The Restorative Justice Ministry Network of North America is considered among the leading authorities on the concept in the United States. Emmett Solomon began the ministry shortly after retiring as director of chaplains for the Texas Department of Criminal Justice in 1993. He wanted to provide a network for all individuals and churches doing any form of jail and prison ministry.
The network now includes more than 60,000 people, ministries and churches. Solomon helps facilitate connections among ministries and the Texas system, and he offers restorative justice conferences and training throughout the year.
His ministry also provides services at one of Texas’ most well-known prison facilities—the Huntsville Unit. His network website lists all member ministries from across North America and their contact information.
Restorative justice, according to Solomon, is a systematic response that emphasizes healing of the victim, the community and the offender. The network encourages programs that focus on repairing the harm done, involve all parties affected and help transform the current judicial system by getting the community more directly involved in government solutions.
Solomon encourages each ministry or person interested in applying restorative justice concepts to answer questions that touch the three aspects of each crime:
• What will it take to restore the peace in the community broken by the crime?
• What will it take to restore the victim’s autonomy?
• What will it take to restore the offender to the community?
Regardless of the approach—victim, offender or community—the restorative justice concept ultimately targets change at the corrections system itself.
The Restorative Justice Ministry Network cites a Parade magazine story that estimates the U.S. prison population at 2.3 million, nearly five times the world average. Currently, the U.S. system tends to focus on retributive justice—the Old Testament eye-for-an-eye concept—in which an offender pays for the crime by living behind bars.

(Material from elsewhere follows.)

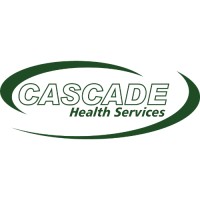 Cascade Health Services logo, Cascade Health Services contact details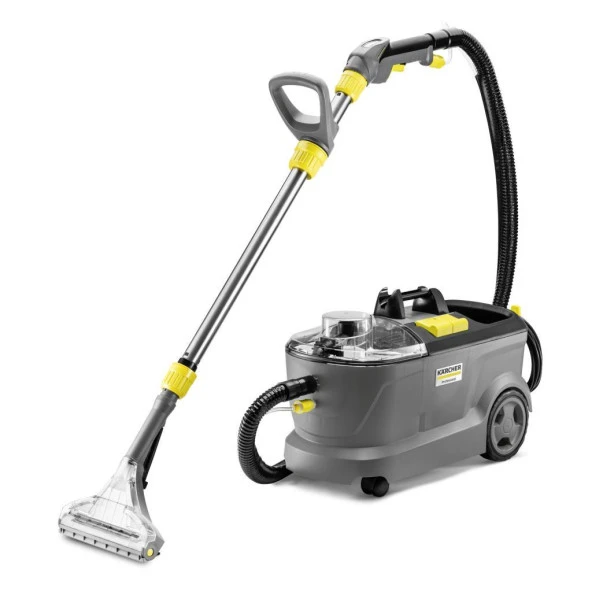 Karcher Puzzi 10/1 Edition Halı Yıkama Makinası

Not only is the incarceration rate higher, but under the current U.S. system, offenders also are likely to commit additional crimes once released. In December 2007, the U.S. Justice Department predicted two-thirds of released prisoners would commit a crime within the first three years.
Lynn Humeniuk, director of the criminal justice program at Howard Payne University in Brownwood, believes the retributive approach contributes to recidivism.
“What is not restorative justice is sending a drug offender (possession of marijuana) to prison for several years. It might take that person off the streets but probably will make them a better criminal,” she said.
Solomon also believes the incarceration rate proves retribution or revenge-based punishment doesn’t work. The restorative justice philosophy does not let criminals go free. Instead, it holds the offender accountable and provides a means for him or her to repay the debt. It also provides opportunities for the offender to change his or her attitudes toward community and tries to help build or restore the bonds between the offender and his or her family and social group.
Several state governments have implemented restorative justice practices, often relying on assistance from not-for-profit and faith-based organizations. Most state governments seem to allow some form of restorative justice activity or ministry. About half provide some funding or programming. And at least 21 states offer victim/offender dialogs and reparative activities, according to Jeananne Markway, re-entry/restorative justice coordinator for the Missouri Department of Corrections.
Missouri was one of the first states to implement restorative activities as program options for offenders in all its adult facilities. Inmates at each institution can choose to participate in programs either initiated by outside groups or supported by donations from those groups.
Each year since 1997, more than 14,000 offenders have provided about 200,000 volunteer hours to assist several agencies and victims. Offenders make quilts, wooden toys, educational materials and other items, and participate in several additional projects.
“We remind everyone to bring it back to the victim,” Markway explained.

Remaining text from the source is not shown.